WHAT YOU ARE ASKED TO DO: Give back, word for word, only the lines from the opening of the records through the one with "Jacques Adnet 1950s". Pictures stay out.

Caption-style text data

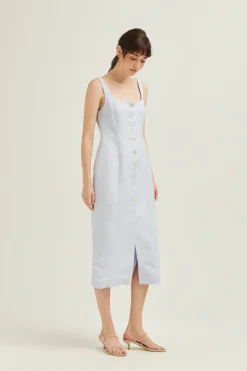 Linen Button-Down Vest Dress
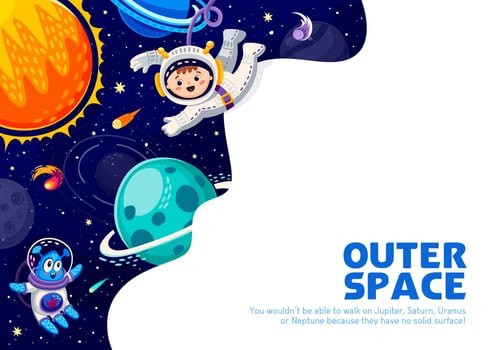Space poster with cartoon alien and kid astronaut vector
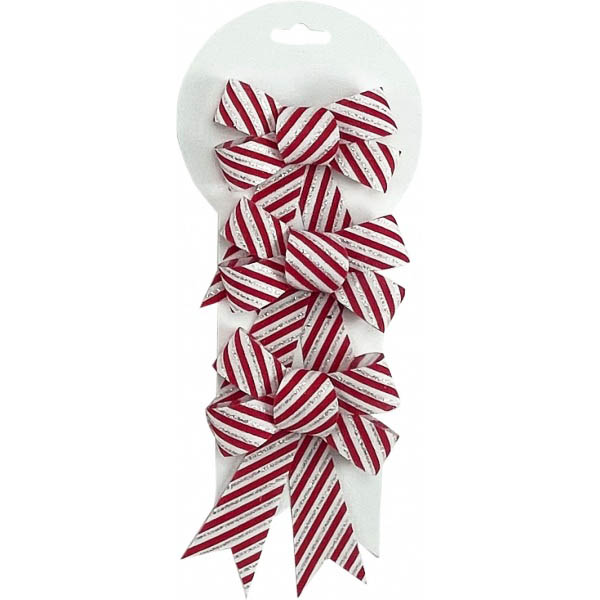 Декорация Бант в полоску 3 шт. 12 см белый с красным SD22-162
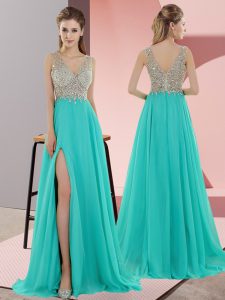 Custom Designed Turquoise Chiffon Zipper Prom Evening Gown Sleeveless Sweep Train Beading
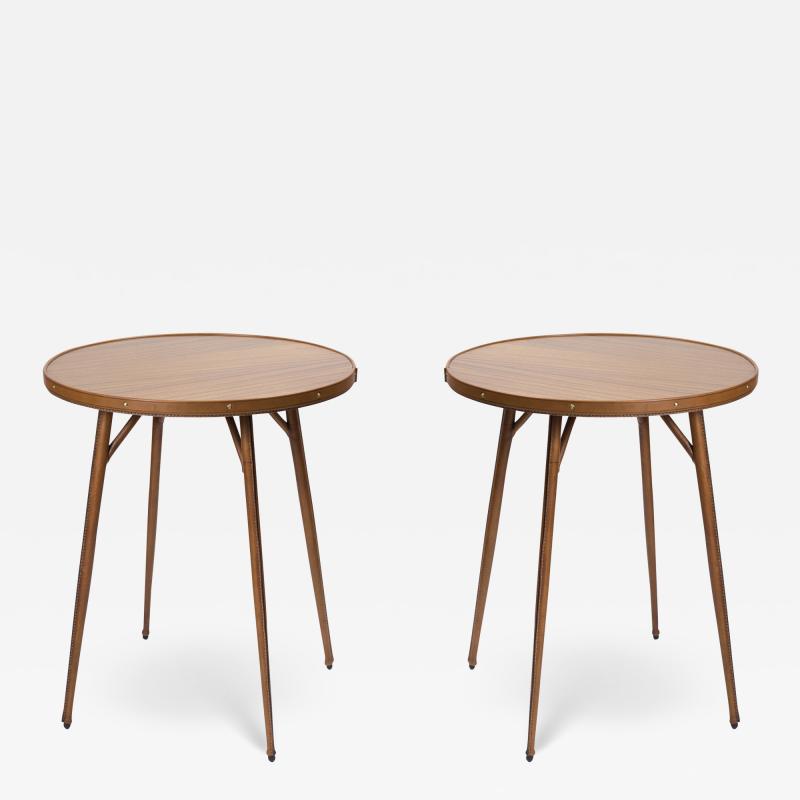 Jacques Adnet 1950s Pair of stitched leather Side tables by Jacques Adnet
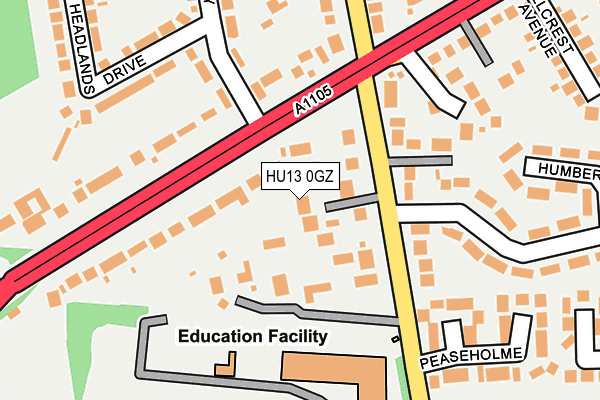 HU13 0GZ map - OS OpenMap – Local (Ordnance Survey)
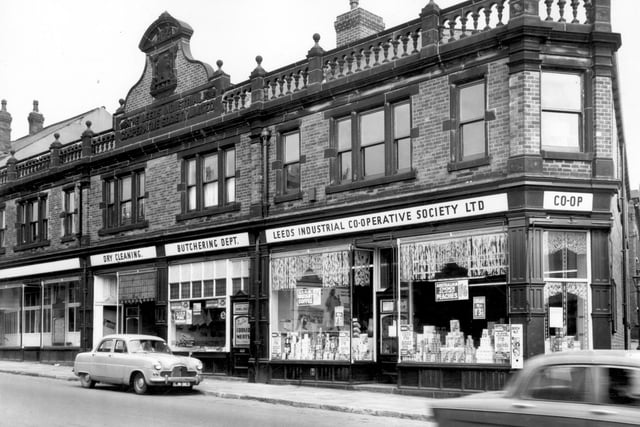 The Armley branch of the Leeds Industrial Co-operative Society Ltd pictured in June 1965. It features dry cleaning and the butchering department.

EXERCISE SOLUTION:
 Linen Button-Down Vest Dress
Space poster with cartoon alien and kid astronaut vector
 Декорация Бант в полоску 3 шт. 12 см белый с красным SD22-162
 Custom Designed Turquoise Chiffon Zipper Prom Evening Gown Sleeveless Sweep Train Beading
 Jacques Adnet 1950s Pair of stitched leather Side tables by Jacques Adnet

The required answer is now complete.